**Given data:**

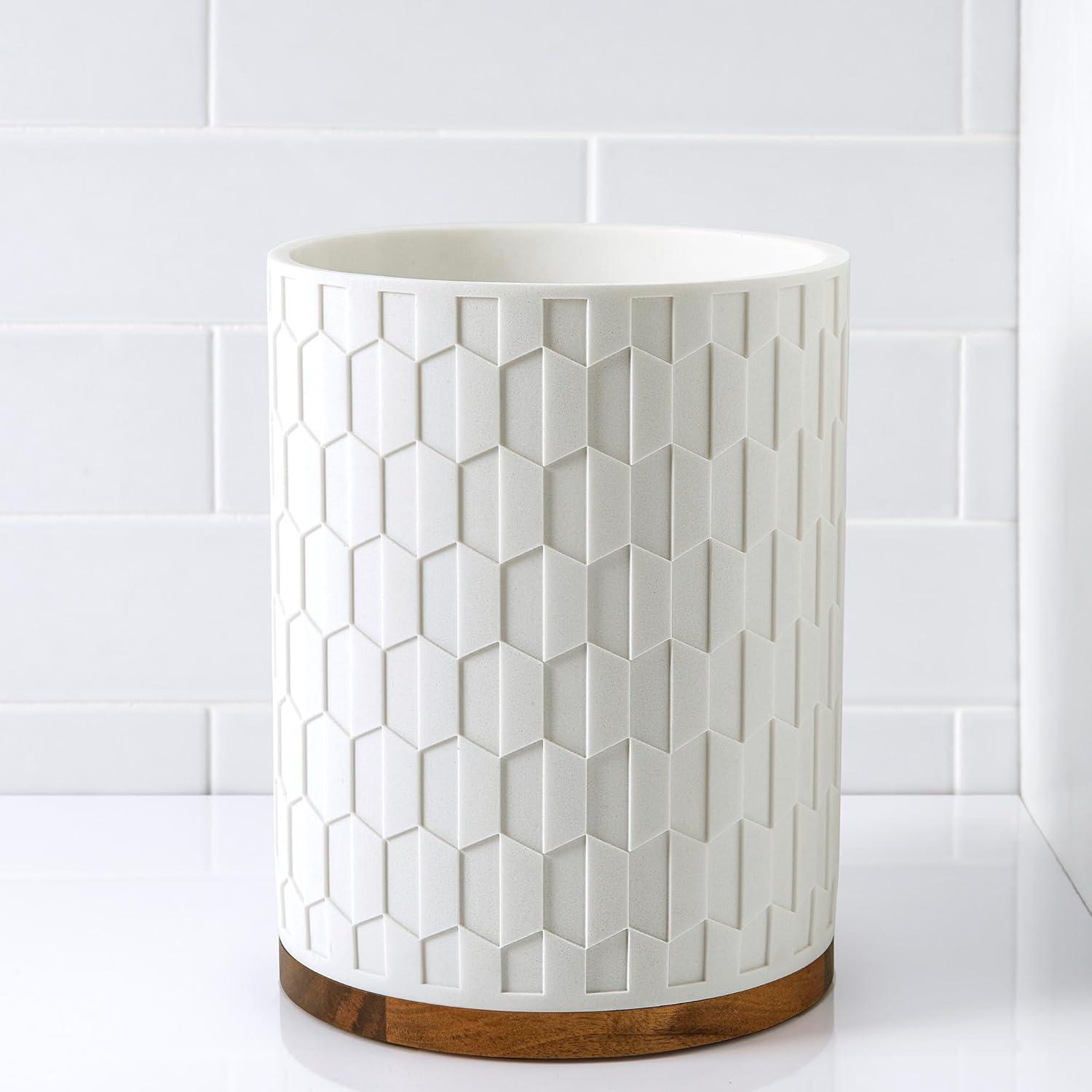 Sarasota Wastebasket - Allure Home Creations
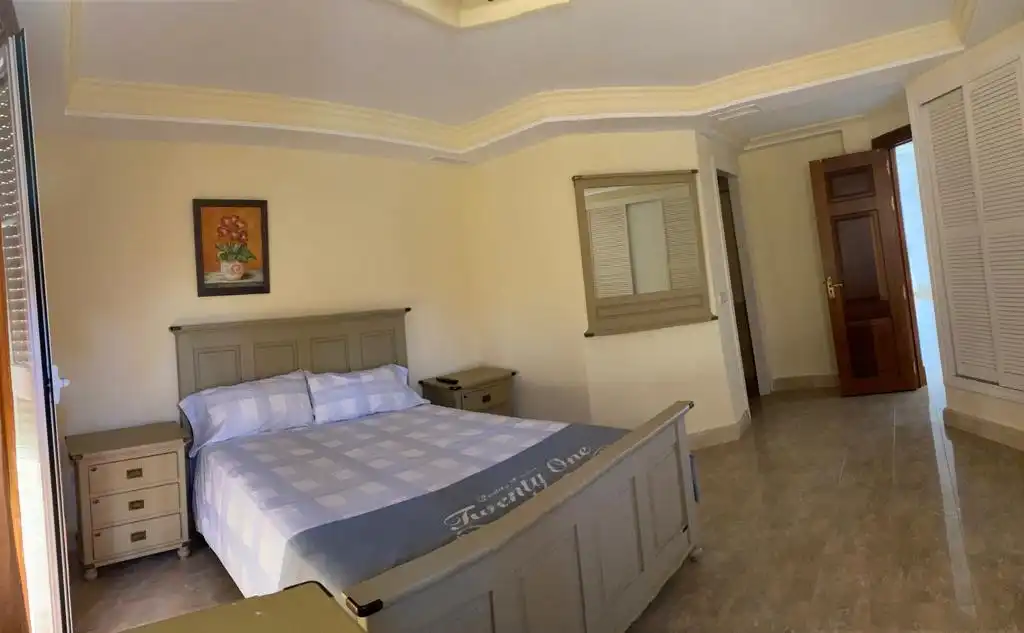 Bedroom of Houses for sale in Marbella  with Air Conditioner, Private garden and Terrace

--

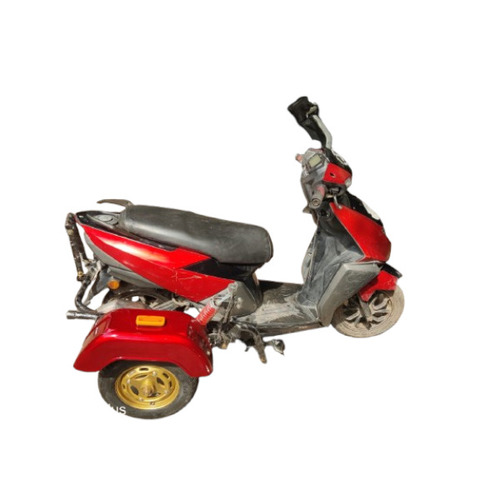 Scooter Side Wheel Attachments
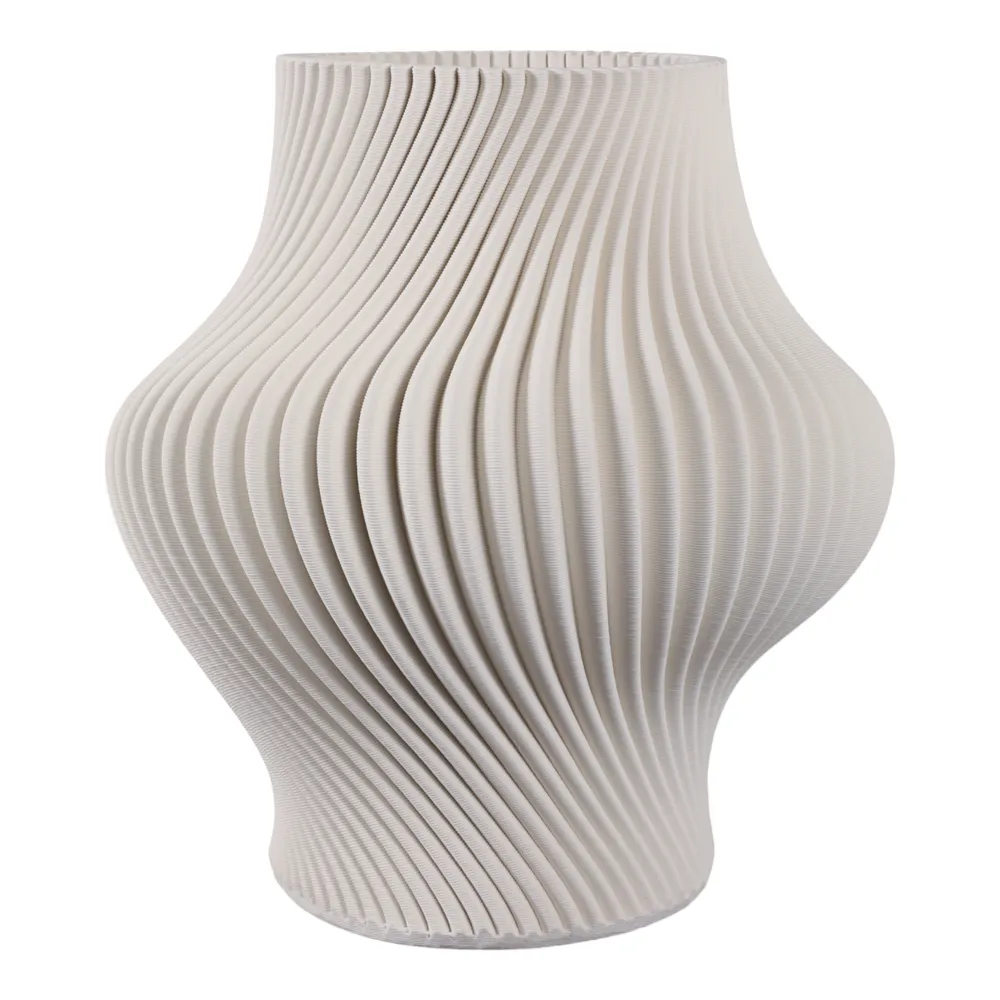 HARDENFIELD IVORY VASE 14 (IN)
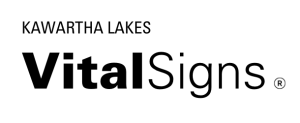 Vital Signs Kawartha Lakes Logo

* * *

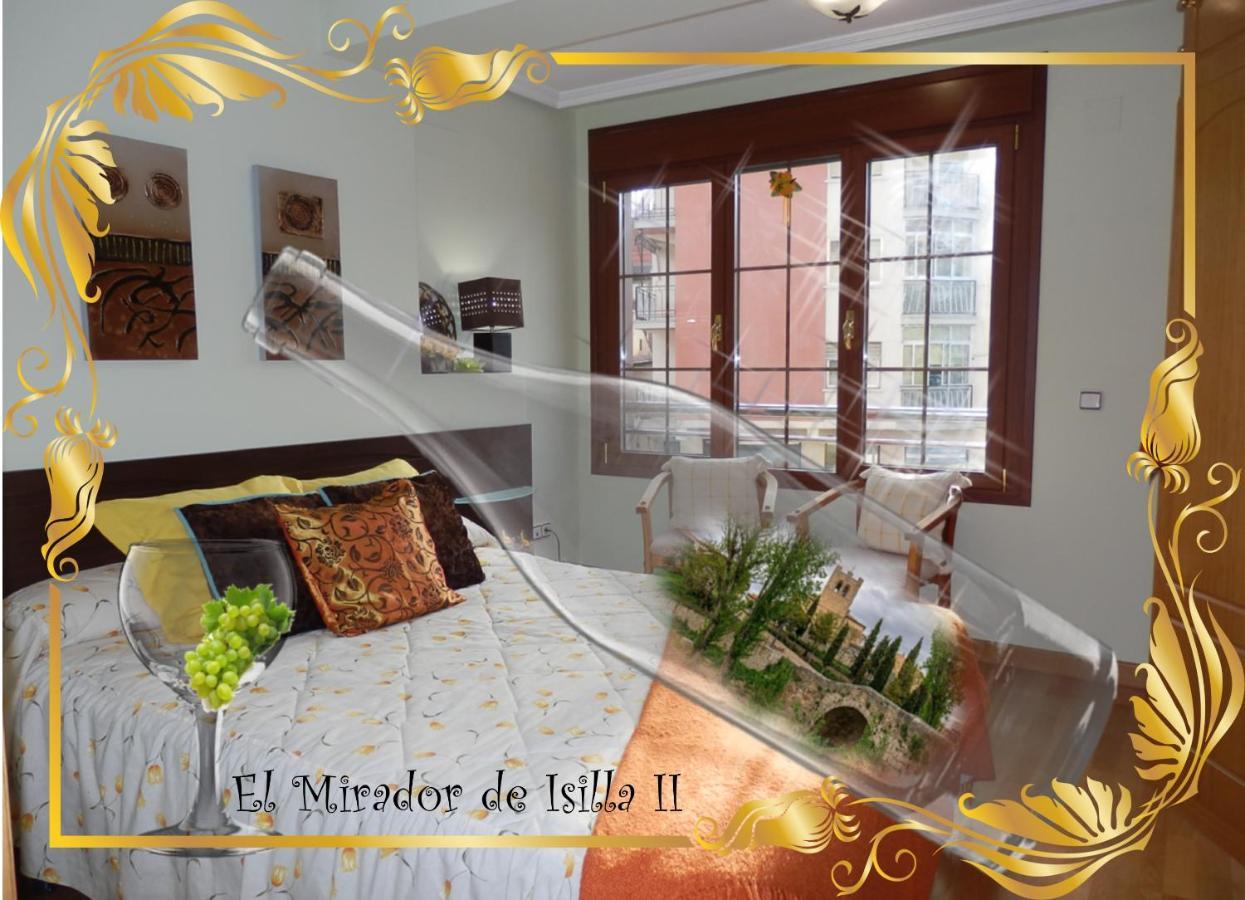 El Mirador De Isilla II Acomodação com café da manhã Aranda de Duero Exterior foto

**Exercise objective:** Copy word for word only the lines above from the one with "Scooter Side Wheel Attachments" through the one with "Vital Signs Kawartha Lakes Logo". Leave pictures out.

**Response below:**
 Scooter Side Wheel Attachments
 HARDENFIELD IVORY VASE 14 (IN)
 Vital Signs Kawartha Lakes Logo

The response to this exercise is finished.